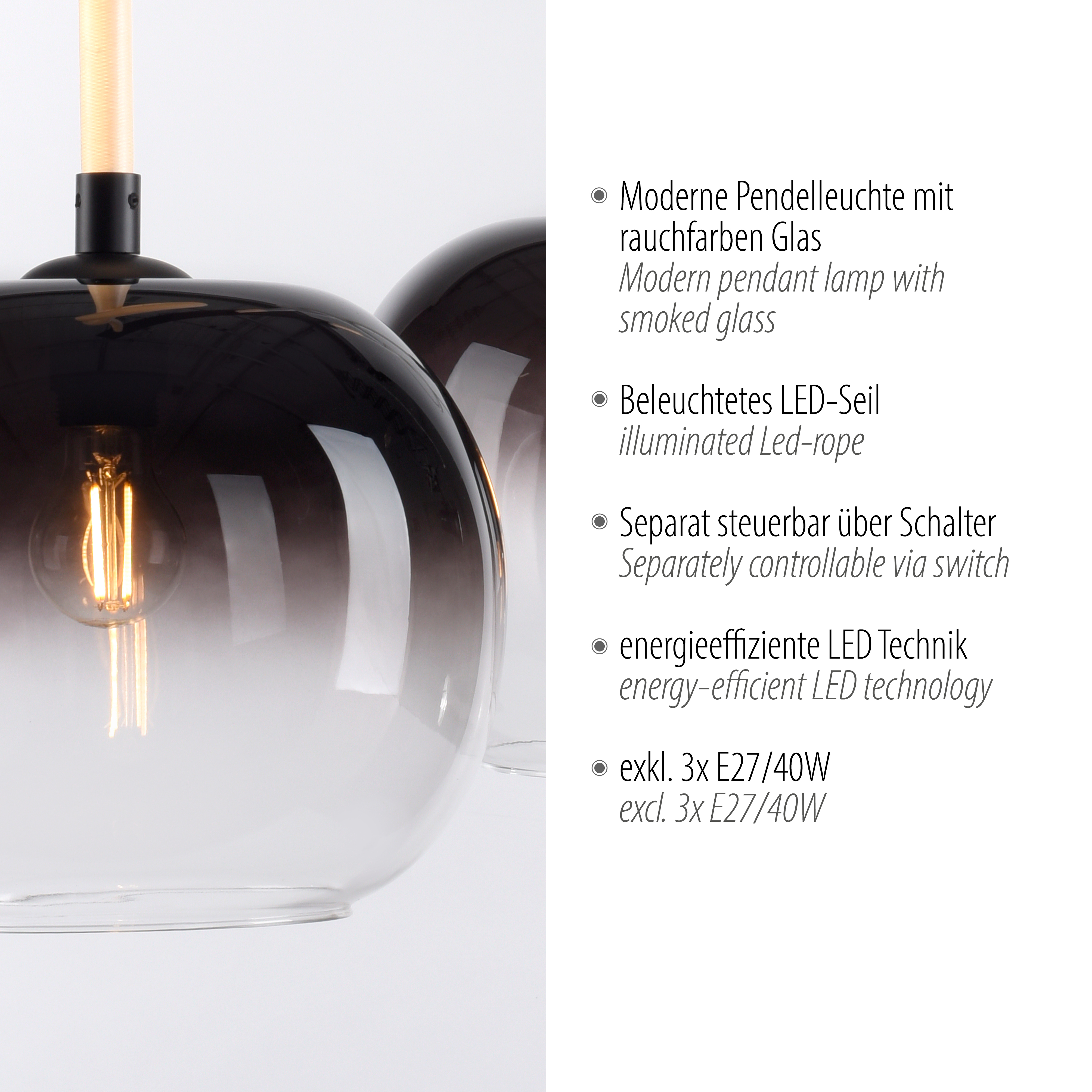 Підвісний світильник Zuma Line 2411-18 LUMA купити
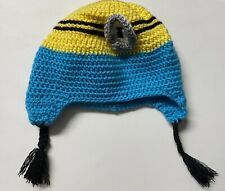 Gorro de ganchillo hecho a mano Despicable Me Minion amarillo/azul bebé segunda mano  Embacar hacia Argentina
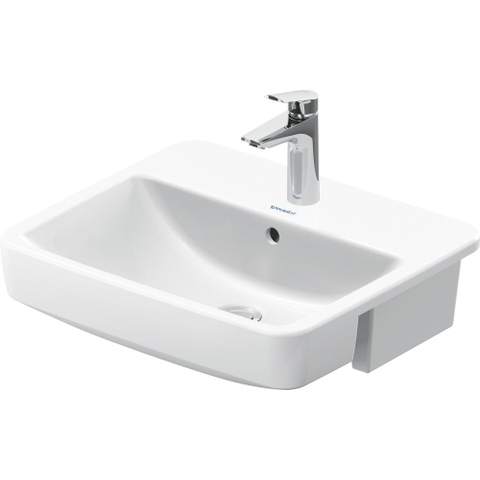 Duravit No.1 lavabo - 55x46x17cm - 1 trou de robinet - blanc brillant SW723801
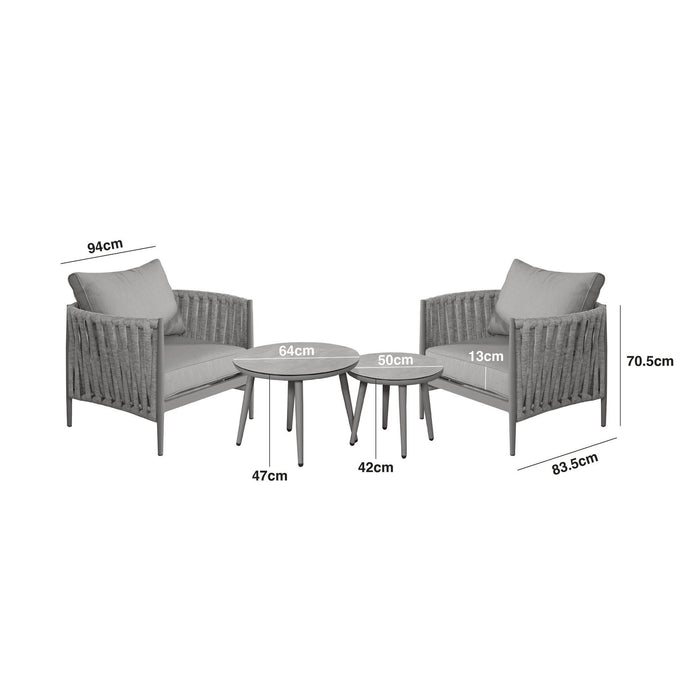 Milan Rope Weave Lounge Set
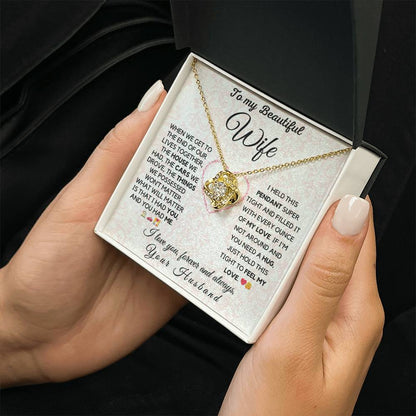 What does a Love Knot Necklace mean - gift for wife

● ● ● ●

PROBLEM
When repeating the entries, leave out every picture and keep the rest exact.

SOLUTION FOR THIS TASK
 Підвісний світильник Zuma Line 2411-18 LUMA купити
 Gorro de ganchillo hecho a mano Despicable Me Minion amarillo/azul bebé segunda mano  Embacar hacia Argentina
 Duravit No.1 lavabo - 55x46x17cm - 1 trou de robinet - blanc brillant SW723801
 Milan Rope Weave Lounge Set
 What does a Love Knot Necklace mean - gift for wife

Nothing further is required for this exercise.